Destructor role in C++ - Time & Space Complexity
We want to understand how the time cost of a destructor grows as the program runs.
Specifically, how the destructor's work changes when cleaning up objects.
Analyze the time complexity of this destructor code.
class MyClass {
std::string* data;
int size;
public:
MyClass(int n) : size(n) { data = new std::string[size]; }
~MyClass() { delete[] data; }
};
This code creates an array and the destructor frees that array when the object is destroyed.
Look at what the destructor does repeatedly.
- Primary operation: Deleting an array of size n.
- How many times: Once per object destruction, but the delete[] frees all elements.
The destructor frees memory proportional to the array size.
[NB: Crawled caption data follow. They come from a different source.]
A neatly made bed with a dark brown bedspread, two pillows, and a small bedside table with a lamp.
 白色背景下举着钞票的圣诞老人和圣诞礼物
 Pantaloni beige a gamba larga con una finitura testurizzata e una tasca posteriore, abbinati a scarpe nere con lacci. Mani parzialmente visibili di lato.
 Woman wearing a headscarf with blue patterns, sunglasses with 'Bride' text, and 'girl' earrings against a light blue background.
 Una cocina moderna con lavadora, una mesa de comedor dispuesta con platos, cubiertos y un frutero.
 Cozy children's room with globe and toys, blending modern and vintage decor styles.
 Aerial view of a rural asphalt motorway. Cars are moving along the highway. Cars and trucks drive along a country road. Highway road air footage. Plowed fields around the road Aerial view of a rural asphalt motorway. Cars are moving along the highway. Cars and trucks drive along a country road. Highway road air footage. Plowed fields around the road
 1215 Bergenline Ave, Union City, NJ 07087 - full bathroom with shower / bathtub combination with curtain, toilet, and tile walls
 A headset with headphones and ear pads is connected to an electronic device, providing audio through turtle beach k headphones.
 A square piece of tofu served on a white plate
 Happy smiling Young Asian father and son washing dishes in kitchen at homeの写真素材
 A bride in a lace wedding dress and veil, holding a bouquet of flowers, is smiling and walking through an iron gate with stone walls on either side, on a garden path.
| Input Size (n) | Approx. Operations |
|---|---|
| 10 | About 10 steps to free |
| 100 | About 100 steps to free |
| 1000 | About 1000 steps to free |
Pattern observation: The work grows directly with the size of the array.
Time Complexity: O(n)
This means the destructor takes longer if the array it frees is bigger, growing in a straight line with size.
[X] Wrong: "Destructor runs instantly no matter the data size."
[OK] Correct: The destructor must free all allocated memory, so if the data is large, it takes more time.
Knowing how destructors scale helps you write efficient cleanup code and understand program performance better.
"What if the destructor also had to delete multiple arrays inside the object? How would the time complexity change?"